The High Court has ruled that a resident who withdrew a judicial review claim against Westminster City Council must pay its costs, including those incurred prior to the grant of permission.

Supperstone J also said in his judgment in R (Spragge) v Westminster City Council (on the Francis Taylor Building website) that a defendant in a judicial review may recover the costs of officer time incurred defending the claim.

Charles and Louise Spragge had brought the case over Westminster’s decision to grant planning permission for an extension to their next door neighbour’s home, which they said would cause a loss of light.

But they later discontinued the action and the judge noted that unless a court orders otherwise, a claimant who discontinues is liable for the costs which a defendant has incurred until then.

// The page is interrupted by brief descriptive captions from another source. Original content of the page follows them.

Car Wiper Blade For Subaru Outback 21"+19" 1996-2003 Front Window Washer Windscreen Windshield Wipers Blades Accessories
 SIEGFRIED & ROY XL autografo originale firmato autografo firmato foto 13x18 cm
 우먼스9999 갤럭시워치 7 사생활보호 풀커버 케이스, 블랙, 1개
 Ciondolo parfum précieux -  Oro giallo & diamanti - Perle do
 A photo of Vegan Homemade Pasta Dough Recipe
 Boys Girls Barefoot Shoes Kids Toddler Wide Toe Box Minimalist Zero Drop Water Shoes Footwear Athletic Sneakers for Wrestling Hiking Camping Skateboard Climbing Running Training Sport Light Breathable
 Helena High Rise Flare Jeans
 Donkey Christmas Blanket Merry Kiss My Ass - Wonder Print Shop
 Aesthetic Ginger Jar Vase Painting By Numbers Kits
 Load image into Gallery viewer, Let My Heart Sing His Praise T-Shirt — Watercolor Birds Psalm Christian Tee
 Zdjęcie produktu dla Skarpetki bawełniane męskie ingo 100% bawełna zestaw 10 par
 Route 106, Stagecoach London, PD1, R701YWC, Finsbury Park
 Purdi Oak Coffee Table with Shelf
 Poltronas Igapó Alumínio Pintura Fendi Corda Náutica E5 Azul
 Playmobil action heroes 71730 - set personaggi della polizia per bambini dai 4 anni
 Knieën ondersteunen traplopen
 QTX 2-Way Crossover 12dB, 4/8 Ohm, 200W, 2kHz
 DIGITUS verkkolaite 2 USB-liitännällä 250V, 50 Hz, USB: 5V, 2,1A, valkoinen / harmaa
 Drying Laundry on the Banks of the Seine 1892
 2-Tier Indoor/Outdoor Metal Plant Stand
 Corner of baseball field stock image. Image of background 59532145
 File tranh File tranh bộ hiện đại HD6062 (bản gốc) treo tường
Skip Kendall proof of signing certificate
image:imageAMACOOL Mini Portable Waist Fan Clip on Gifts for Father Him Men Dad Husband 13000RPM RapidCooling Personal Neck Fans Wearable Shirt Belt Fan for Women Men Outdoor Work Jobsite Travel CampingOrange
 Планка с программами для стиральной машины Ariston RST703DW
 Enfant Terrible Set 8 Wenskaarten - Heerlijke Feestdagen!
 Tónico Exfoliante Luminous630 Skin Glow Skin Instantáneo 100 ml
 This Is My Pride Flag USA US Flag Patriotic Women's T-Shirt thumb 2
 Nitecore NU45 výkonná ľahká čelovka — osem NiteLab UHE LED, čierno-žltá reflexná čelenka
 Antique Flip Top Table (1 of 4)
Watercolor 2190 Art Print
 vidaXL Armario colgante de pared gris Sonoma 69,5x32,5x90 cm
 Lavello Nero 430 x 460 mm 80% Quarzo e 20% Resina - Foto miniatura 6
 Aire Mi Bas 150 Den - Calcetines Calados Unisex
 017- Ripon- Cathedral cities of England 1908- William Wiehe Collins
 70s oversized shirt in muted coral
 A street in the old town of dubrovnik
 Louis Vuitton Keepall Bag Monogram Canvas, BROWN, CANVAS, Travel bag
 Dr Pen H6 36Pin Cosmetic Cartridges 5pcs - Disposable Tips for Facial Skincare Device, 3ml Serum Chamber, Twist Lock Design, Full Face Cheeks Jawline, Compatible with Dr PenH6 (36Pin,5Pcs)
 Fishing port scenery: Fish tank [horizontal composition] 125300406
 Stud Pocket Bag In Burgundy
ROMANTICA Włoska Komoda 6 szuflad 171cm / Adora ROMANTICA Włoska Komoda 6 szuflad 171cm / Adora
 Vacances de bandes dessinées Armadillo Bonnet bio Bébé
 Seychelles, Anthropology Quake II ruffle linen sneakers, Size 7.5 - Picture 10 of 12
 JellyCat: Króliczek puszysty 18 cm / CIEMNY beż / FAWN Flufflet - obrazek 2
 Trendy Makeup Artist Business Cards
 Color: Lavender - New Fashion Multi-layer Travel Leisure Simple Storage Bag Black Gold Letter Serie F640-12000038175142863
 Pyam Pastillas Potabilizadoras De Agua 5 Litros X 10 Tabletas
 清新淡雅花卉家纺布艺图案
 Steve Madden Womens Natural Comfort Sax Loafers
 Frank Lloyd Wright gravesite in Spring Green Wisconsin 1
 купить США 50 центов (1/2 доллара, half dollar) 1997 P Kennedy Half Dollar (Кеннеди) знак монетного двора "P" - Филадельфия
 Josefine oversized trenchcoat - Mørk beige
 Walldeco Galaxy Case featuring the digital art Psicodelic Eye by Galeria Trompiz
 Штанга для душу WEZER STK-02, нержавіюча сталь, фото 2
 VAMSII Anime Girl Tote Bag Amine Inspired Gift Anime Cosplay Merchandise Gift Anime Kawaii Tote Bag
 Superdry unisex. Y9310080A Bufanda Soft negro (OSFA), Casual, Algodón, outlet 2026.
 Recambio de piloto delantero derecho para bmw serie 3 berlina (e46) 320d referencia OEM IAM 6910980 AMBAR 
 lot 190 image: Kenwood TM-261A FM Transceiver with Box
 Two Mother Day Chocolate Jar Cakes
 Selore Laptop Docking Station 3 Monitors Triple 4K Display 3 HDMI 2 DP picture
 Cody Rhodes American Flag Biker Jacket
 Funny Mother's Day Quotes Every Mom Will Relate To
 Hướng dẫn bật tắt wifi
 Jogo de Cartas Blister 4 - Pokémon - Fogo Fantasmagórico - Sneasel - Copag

Mr Spragge argued that changed circumstances and unreasonable conduct by Westminster should result in the council being not only not entitled to their costs but also to be liable for his.

He said he dropped the action when his neighbour submitted a fresh application which omitted the features he found objectionable.

But the judge said this was “irrelevant to the existence of the planning permission”.

He also did not accept that Westminster unreasonably refused to engage in settlement talks, citing a letter that showed it was willing to meet the Spragges.

Supperstone J said though that the costs of £11,698.30 sought by Westminster were “on the high side” and after hearing a series of submissions set these at £6,500.